Armageddon Time
Le Queens, dans les années 80. Paul Graff (Banks Repeta) se fait remarquer auprès de M. Turkeltaub (Andrew Polk) dès son premier jour en classe de 6ème. Préférant le dessin (son prof croqué avec un corps de canard) à la discipline, le gamin effronté peut compter sur le soutien indéfectible de Johnny (Jaylin Webb), un redoublant afro‑américain sans cesse réprimandé par l’instit pétri d’aprioris. À la maison, c’est grand‑père Aaron (magnifique Anthony Hopkins) qui endosse le rôle du meilleur ami, car Paul peine à trouver sa place entre son grand frère Ted (Ryan Sell) et des parents qui ne le comprennent pas toujours…

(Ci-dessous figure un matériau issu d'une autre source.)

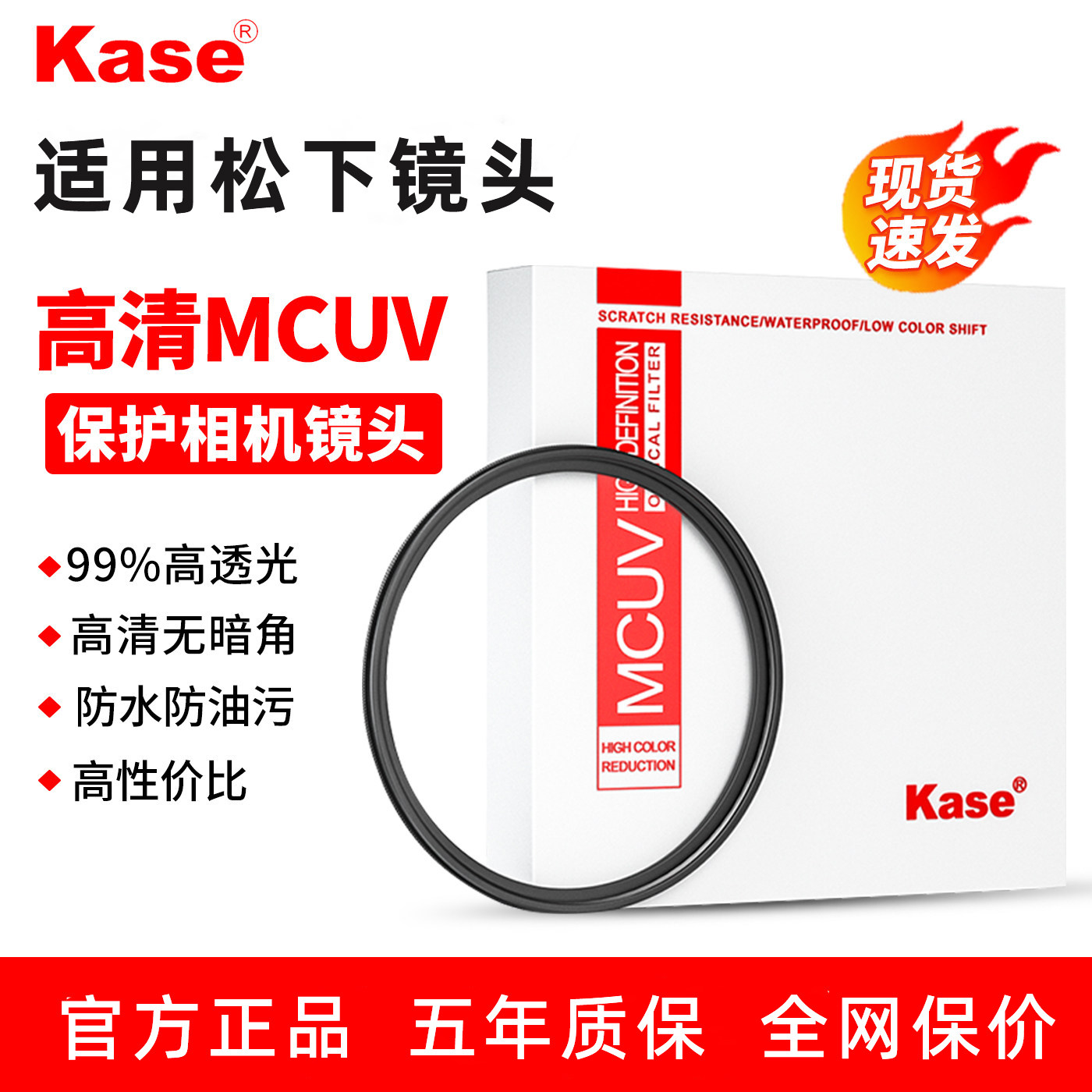Kase卡色 UV镜 适用松下S5M2/S9/S9N/G97/G100D 2060 24105 1840 70300 1260 25 50 85mm相机镜头UV保护滤镜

Une transition dans le cinéma de James Gray
Succédant à des fresques monumentales dans les contrées reculées du Nouveau monde (The Lost City of Z, 2016) ou dans l’espace et son infinie solitude (Ad Astra réalisé en 2019 avec Brad Pitt et Tommy Lee Jones), Armageddon Time s’impose comme une transition dans le cinéma de James Gray. Encore que les expéditions « macro » de Percy Fawcett et Roy McBride posent, à travers les contradictions de leur quête intérieure, les prémisses du parcours initiatique du jeune Paul/James.

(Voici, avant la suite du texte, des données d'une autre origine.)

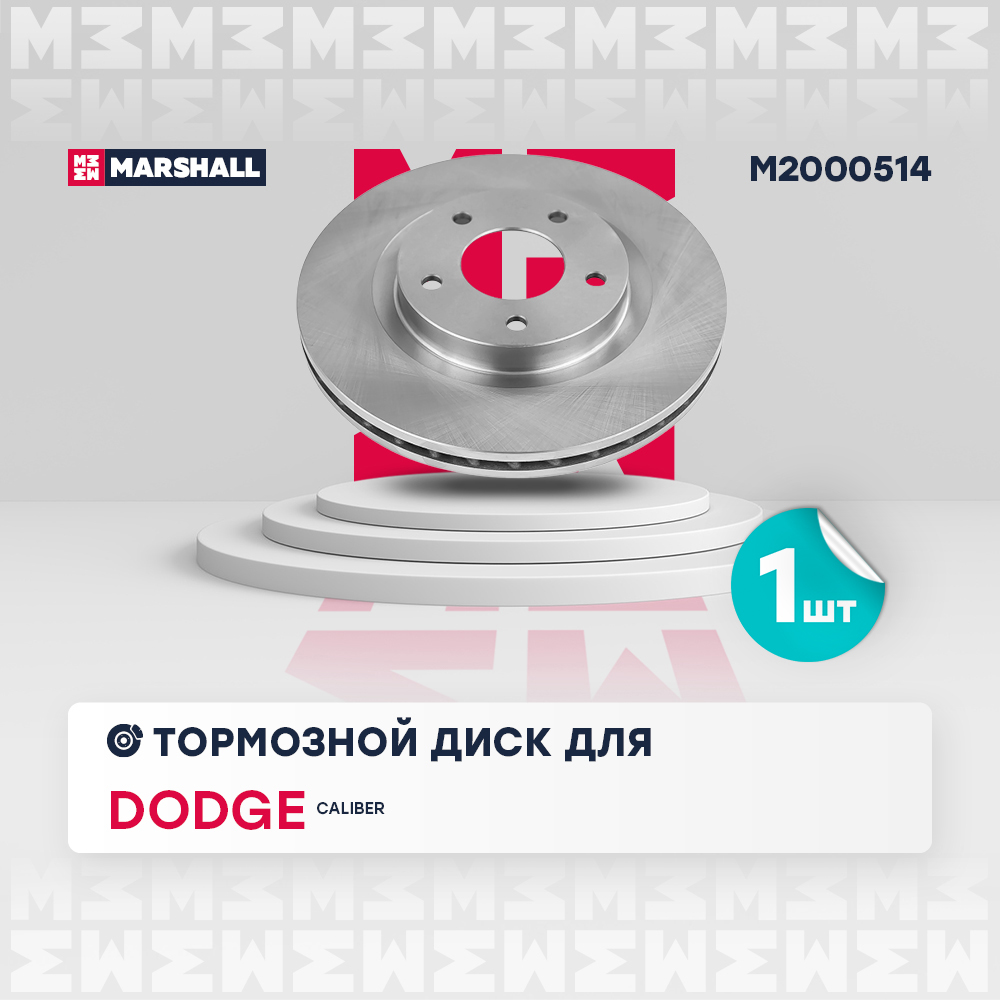 Диск тормозной передний вентилируемый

La filiation, un thème essentiel
Retour dans le quartier natal du cinéaste donc, dont les souvenirs se distillent entre les murs de la maison familiale décorée quasi à l’identique et une école privée dirigée par Fred Trump (John Diehl), célèbre homme d’affaires et promoteur immobilier (père de l’ancien président des États‑Unis). Derrière les grilles de l’enceinte réservée à l’élite américaine, Paul prend à la fois conscience du regard des autres et de son pouvoir d’agir (ou pas) face aux terribles réflexions discriminantes des élèves en uniforme à propos de son ami Johnny.
Thème essentiel de la filmographie de Gray, la filiation (contrariée, impossible, perdue mais fondamentale) n’aura jamais paru aussi authentique à travers la relation fusionnelle entre le gamin intrépide et son adorable grand‑père rescapé de la Shoah.